In order to keep switch-on surge currents to a low value it is desirable to insert limiting resistance between the transformer winding and the rectifiers. This limiting resistance must not, however, be too high or the required rectified voltage will not be obtained. In the present circuit the limiting resistance is 2.4Ω, this representing a compromise figure. With a limiting resistance of 2.4Ω the rectified voltage applied to the heater of an EF86 is 6.1V, and it was considered that this is sufficiently close to the nominal value of 6.3V to be acceptable.
The 2.4Ω limiting resistance is split up into two physical resistors of 1.2Ω, as shown, in order to maintain symmetry It will be appreciated that, on succeeding half-cycles, each of the DC. heater lines becomes effectively coupled first to one side of the 6.3V secondary and then to the other, whereupon it is desirable to keep the circuit symmetrical in order that the DC lines remain balanced about chassis potential. This approach ensures that the 0.2V ripple on the DC lines has minimum effect. In this context it is important to note that the 6.3V transformer winding must be centre-tapped, with the centre-tap connected to chassis. If, instead, one end of the 6.3V winding were connected to chassis, each of the DC heater lines would be taken through some 6.3V on alternate half-cycles and the whole object of the circuit would be defeated!
As is shown in the diagram, the four rectifiers, D1 to D4, are Lucas type DD000, these having a peak inverse voltage of 50 and a forward current rating of 500mA. The electrolytic capacitor employed for C1 in the prototype was a Mullard component in the C431BR series, with a value of 3,200μF and a voltage rating (which should not be exceeded) of 10V. It may be added that the rectified voltage across C1 will rise to nearly 9V should the EF86 be removed from its valve-holder, and this fact has to be borne in mind when deciding upon the working voltage of the capacitor. In general, it would be preferable to switch off the power supply if the EF86 is to be removed and re-fitted, since a slightly excessive current could momentarily flow in its heater if it were plugged in with the supply switched on and C1 charged to peak rectified voltage.

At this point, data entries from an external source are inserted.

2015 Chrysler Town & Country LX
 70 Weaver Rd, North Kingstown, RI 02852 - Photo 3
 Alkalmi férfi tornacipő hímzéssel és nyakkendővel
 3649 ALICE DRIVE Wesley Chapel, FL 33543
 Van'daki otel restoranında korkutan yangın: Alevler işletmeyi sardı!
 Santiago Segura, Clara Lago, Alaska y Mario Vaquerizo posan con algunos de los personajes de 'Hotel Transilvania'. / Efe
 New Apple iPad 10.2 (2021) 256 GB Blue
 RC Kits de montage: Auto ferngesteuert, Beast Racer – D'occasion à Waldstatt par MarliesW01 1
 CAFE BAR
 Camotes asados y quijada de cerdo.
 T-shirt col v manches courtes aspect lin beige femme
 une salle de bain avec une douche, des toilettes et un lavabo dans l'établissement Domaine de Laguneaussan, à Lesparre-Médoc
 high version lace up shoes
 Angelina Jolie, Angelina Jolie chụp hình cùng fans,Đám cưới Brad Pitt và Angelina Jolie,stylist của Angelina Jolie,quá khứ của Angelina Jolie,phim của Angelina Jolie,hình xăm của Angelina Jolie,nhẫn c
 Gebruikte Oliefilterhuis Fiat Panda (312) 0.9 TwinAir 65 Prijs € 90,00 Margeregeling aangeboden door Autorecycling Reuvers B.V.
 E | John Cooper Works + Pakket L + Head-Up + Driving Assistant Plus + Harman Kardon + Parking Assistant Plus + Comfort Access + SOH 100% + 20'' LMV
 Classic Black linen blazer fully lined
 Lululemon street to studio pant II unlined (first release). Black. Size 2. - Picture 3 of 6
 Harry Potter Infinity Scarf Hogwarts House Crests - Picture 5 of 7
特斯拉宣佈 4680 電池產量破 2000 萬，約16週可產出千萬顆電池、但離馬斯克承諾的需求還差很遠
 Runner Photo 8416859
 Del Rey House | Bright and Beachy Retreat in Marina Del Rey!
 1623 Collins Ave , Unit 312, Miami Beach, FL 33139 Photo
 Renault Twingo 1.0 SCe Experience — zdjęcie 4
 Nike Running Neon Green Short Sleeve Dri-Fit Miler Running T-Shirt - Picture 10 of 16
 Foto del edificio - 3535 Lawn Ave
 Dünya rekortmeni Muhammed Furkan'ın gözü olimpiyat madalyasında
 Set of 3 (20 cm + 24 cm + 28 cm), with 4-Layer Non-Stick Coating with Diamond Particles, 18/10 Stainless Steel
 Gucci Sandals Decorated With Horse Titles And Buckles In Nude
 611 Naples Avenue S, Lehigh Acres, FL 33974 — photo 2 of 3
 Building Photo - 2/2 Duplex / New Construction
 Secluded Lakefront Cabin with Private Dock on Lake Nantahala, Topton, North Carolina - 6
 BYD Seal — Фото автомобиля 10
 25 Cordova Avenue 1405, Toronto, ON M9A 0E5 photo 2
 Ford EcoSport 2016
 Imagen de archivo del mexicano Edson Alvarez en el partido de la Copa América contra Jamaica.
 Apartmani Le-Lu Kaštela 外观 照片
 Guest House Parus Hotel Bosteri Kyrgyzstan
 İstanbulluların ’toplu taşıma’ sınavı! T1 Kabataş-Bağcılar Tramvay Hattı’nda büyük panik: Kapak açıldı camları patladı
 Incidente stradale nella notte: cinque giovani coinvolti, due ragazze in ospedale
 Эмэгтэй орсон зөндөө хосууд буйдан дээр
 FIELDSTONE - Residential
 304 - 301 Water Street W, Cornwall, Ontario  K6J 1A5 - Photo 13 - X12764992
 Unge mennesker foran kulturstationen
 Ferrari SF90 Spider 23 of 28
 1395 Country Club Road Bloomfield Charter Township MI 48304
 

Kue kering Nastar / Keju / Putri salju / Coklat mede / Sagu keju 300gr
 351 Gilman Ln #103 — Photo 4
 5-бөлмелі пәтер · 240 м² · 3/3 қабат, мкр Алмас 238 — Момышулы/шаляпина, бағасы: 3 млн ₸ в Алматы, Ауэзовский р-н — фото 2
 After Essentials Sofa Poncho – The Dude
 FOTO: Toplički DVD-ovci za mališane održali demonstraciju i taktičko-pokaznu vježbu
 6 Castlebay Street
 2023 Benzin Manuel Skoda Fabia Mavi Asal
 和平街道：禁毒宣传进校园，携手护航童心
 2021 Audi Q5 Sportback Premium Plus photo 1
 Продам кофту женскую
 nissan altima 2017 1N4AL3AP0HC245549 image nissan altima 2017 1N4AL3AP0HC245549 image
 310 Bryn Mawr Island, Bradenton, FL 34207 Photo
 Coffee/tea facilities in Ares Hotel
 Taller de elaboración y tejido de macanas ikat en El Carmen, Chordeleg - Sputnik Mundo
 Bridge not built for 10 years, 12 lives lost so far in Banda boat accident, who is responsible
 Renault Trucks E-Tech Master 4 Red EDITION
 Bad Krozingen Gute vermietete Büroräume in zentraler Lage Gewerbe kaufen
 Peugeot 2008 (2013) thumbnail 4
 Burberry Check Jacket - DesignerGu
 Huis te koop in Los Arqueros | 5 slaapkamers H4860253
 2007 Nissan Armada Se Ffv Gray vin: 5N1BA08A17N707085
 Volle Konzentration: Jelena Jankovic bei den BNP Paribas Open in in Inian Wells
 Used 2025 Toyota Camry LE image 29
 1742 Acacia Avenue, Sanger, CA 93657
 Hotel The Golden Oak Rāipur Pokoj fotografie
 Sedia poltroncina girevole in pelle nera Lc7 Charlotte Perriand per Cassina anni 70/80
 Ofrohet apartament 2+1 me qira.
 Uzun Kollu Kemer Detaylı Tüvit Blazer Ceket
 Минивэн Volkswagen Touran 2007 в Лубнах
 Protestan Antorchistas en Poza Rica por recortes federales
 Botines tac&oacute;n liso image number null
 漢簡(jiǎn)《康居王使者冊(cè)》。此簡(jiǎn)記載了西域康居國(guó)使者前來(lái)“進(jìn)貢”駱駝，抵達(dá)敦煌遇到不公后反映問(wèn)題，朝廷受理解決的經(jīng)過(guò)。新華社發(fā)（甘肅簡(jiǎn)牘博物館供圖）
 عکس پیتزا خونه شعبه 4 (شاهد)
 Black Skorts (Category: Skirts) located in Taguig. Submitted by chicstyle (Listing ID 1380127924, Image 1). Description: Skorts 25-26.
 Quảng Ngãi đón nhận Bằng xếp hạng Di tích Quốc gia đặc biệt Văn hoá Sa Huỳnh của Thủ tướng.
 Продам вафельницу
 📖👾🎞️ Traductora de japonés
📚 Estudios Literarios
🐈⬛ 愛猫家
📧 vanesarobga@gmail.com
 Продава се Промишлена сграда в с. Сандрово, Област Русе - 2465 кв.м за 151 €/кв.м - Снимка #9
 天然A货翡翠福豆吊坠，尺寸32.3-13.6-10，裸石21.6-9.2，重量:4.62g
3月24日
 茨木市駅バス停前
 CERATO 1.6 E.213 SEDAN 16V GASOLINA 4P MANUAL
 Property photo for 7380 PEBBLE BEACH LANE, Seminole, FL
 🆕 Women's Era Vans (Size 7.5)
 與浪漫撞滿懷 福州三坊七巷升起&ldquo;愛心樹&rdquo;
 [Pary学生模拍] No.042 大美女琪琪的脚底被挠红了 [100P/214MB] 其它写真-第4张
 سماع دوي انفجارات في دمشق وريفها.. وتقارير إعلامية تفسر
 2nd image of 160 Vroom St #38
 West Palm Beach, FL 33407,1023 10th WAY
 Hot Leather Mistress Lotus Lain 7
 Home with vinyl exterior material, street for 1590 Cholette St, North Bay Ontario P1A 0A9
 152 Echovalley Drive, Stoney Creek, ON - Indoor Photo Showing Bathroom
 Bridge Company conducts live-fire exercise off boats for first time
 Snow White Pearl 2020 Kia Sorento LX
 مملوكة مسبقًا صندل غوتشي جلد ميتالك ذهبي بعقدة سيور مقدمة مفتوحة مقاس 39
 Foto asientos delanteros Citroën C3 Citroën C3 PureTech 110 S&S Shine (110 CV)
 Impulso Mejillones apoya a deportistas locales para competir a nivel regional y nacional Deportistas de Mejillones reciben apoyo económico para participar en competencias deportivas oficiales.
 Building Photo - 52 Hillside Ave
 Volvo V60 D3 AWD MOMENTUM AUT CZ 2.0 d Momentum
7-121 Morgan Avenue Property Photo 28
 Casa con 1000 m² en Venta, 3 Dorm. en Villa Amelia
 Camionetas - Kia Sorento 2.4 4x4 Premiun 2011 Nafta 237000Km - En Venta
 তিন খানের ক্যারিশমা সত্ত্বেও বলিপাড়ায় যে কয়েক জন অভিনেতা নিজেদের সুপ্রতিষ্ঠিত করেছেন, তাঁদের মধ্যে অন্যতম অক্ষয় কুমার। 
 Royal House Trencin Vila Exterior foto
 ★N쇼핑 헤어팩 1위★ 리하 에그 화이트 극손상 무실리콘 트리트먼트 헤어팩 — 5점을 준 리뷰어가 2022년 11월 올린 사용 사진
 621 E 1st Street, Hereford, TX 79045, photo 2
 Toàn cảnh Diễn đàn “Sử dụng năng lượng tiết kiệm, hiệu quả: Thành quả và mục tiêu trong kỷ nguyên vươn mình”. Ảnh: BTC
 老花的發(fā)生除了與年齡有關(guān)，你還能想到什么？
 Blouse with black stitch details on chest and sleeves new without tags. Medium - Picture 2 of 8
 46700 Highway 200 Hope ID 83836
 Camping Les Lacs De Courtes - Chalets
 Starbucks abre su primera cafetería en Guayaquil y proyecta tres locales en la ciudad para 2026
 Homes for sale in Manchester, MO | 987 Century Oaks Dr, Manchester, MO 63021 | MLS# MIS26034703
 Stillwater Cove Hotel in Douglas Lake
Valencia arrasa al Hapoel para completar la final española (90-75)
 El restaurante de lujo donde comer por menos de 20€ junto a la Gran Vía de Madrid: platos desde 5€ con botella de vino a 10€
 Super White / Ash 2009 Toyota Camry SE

It will probably be necessary to make up R1 and R2 from short lengths of resistance wire, as their value is outside the range normally available for fixed resistors from home-constructor retail sources. Care should be taken to ensure that the resistors have the required value within ±5%.
When the DC supply circuit is fitted to an AF amplifier all the rectifier components should be mounted near the mains transformer. A tightly twisted pair may then be used to couple the rectified voltage across C1 to the heater pins of the EF86. A twisted pair is recommended since the DC supply still carries the 0.2V ripple voltage.
As was stated earlier, the prototype circuit provided 6.1V at 200mA for an EF86 heater using the components specified. The writer does not recommend that the circuit be employed for valves requiring 6.3V at 300mA since the greater current would necessitate reducing the values of R1 and R2, whereupon switch-on surges could become excessively high.
A final point is that the rectified voltage across C1 is 'floating' during the periods in the cycle when the diodes are not conducting and it is feasible that, under some conditions, this could result in a modulation hum being imposed on the AF signal being handled. Should this occur, both terminals of C1 should be coupled to chassis via 0.5μF capacitors, as shown in dotted line in the diagram.